Thread: [HACKERS] 3D Z-curve spatial index
Hi hackers,
The low-level implementation of 3D Z-curve index
(https://github.com/bmuratshin/zcurve/tree/master)
is getting close to GiST R-Tree performance at
significantly lesser number of pages read from disk.
See attached figures,
times2 - average request execution time VS average points number in result
reads2 - average shared reads number VS average points number in result
Feel free to connect with me if you have any questions.
Attachment
On Sat, Feb 04, 2017 at 03:41:29PM +0700, Boris Muratshin wrote: > Hi hackers, > > The low-level implementation of 3D Z-curve index > (https://github.com/bmuratshin/zcurve/tree/master) > is getting close to GiST R-Tree performance at > significantly lesser number of pages read from disk. > > See attached figures, > times2 - average request execution time VS average points number in result > reads2 - average shared reads number VS average points number in result > > Feel free to connect with me if you have any questions. Please send the actual patch and any documentation you write that comes with it. Best, David. -- David Fetter <david(at)fetter(dot)org> http://fetter.org/ Phone: +1 415 235 3778 AIM: dfetter666 Yahoo!: dfetter Skype: davidfetter XMPP: david(dot)fetter(at)gmail(dot)com Remember to vote! Consider donating to Postgres: http://www.postgresql.org/about/donate
The algorithm for 2D is described in articles (in Russian)
https://habrahabr.ru/post/319810/ and
https://habrahabr.ru/post/319096/ .
Goggle-translator generates (IMHO) suitable for understanding text.
3D version article is not finished yet.
The data in figures are obtained in the following way:
1) Test data set is pseudo 3d (x,0,z) array of 100 000 000 random points
2) R-tree for comparison - GiST 2d (x,z)
3) There is a set of experiments by an average number of points in requested random area: 1,10, 100, 1 000, 10 000, 100 000, 1 000 000
4) For each area size I requested a set of random extents (from 100 000 times for 1 point to 100 times for 1 000 000 points).

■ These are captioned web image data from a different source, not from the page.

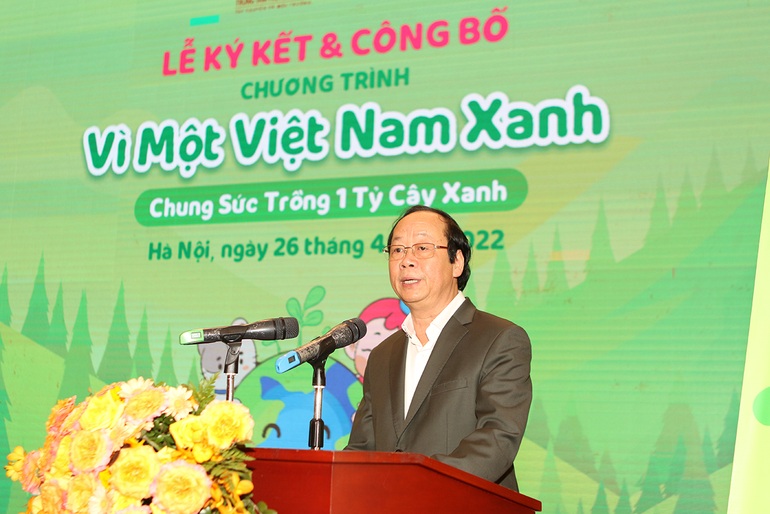 Trồng cây là sửa chữa, khắc phục những sai lầm trong ứng xử với tự nhiên - 1 Trồng cây là sửa chữa, khắc phục những sai lầm trong ứng xử với tự nhiên - 1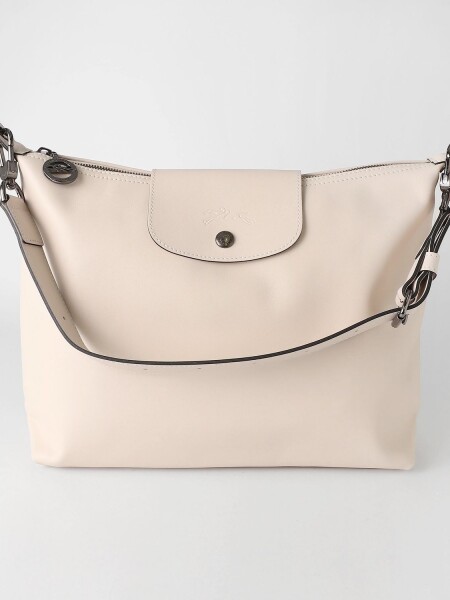 LONGCHAMP - LE PLIAGE XTRA, CARTERA HOBO L Beige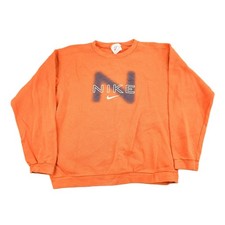 Vintage 1990s Nike White Tag Crewneck Sweatshirt Youth XL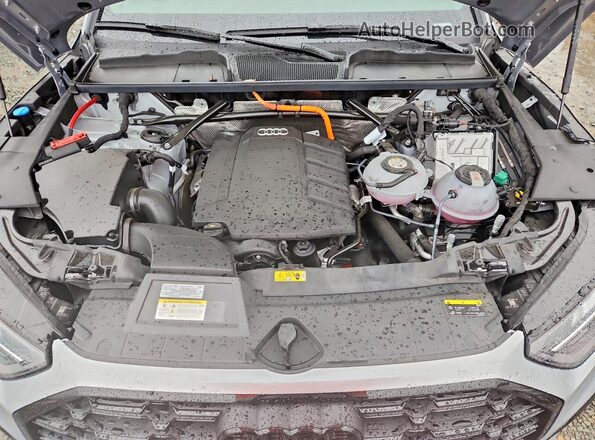 WA1E2AFY9R2089629 2024 AUDI Q5 Silver 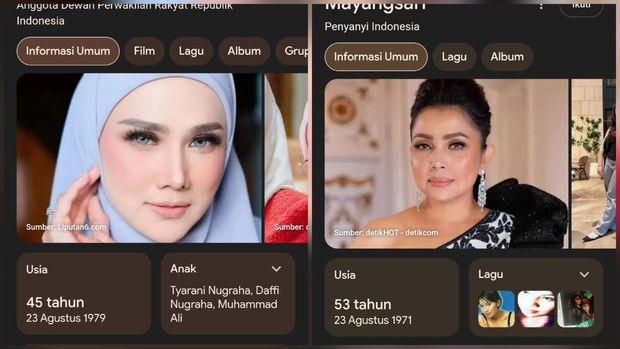 Punya Tanggal Lahir yang Sama, Kisah Mulan Jameela dan Mayangsari Mendadak Disorot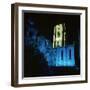 Fountains Abbey, Illuminated, 12th Century-CM Dixon-Framed Photographic Print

5) Experiments were done on virtual machine (2 cores, 4Gb) and to exclude noise, all times were got on second (or more) run to warm caches,
reads were got on restarted PosgreSQL.
6) For R-tree, times are very unstable and I used the least one in the series.
Regards, Boris
On Mon, Feb 6, 2017 at 5:08 AM, David Fetter <david@fetter.org> wrote:
Please send the actual patch and any documentation you write that
comes with it.
Best,
David.
--
David Fetter <david(at)fetter(dot)org> http://fetter.org/
Phone: +1 415 235 3778 AIM: dfetter666 Yahoo!: dfetter
Skype: davidfetter XMPP: david(dot)fetter(at)gmail(dot)com
Remember to vote!
Consider donating to Postgres: http://www.postgresql.org/about/donate
On Mon, Feb 06, 2017 at 11:04:12AM +0700, Boris Muratshin wrote: > The algorithm for 2D is described in articles (in Russian) > https://habrahabr.ru/post/319810/ and > https://habrahabr.ru/post/319096/ . > Goggle-translator generates (IMHO) suitable for understanding text. Welcome to the community! I apologize for not being more clear. Here, it is customary to send a patch rather than a web link when one has code one wishes to share. This is for several reasons: 1. To establish that you are warranting that you have the right to send the patch, i.e. that it is not legally encumbered in some way. 2. To ensure that the patch stays in the archives, as large web sites have gone away in the past, and will in the future. 3. Because this is how the current development process works. When I mentioned documentation, I was referring to the operation of the SQL-callable interface, assuming that there is one. When people apply the patch, they need to have some idea what it is supposed to do and how to make it do those things. Any difference between what it is supposed to do and what it actually does a bug, whether in the implementation, the documentation, or both. These things and many others are in the https://wiki.postgresql.org/wiki/Developer_FAQ Best, David. -- David Fetter <david(at)fetter(dot)org> http://fetter.org/ Phone: +1 415 235 3778 AIM: dfetter666 Yahoo!: dfetter Skype: davidfetter XMPP: david(dot)fetter(at)gmail(dot)com Remember to vote! Consider donating to Postgres: http://www.postgresql.org/about/donate
Thanks David,
I am really a novice in the community.
But thing I wrote about is not a patch to something but a standalone extension.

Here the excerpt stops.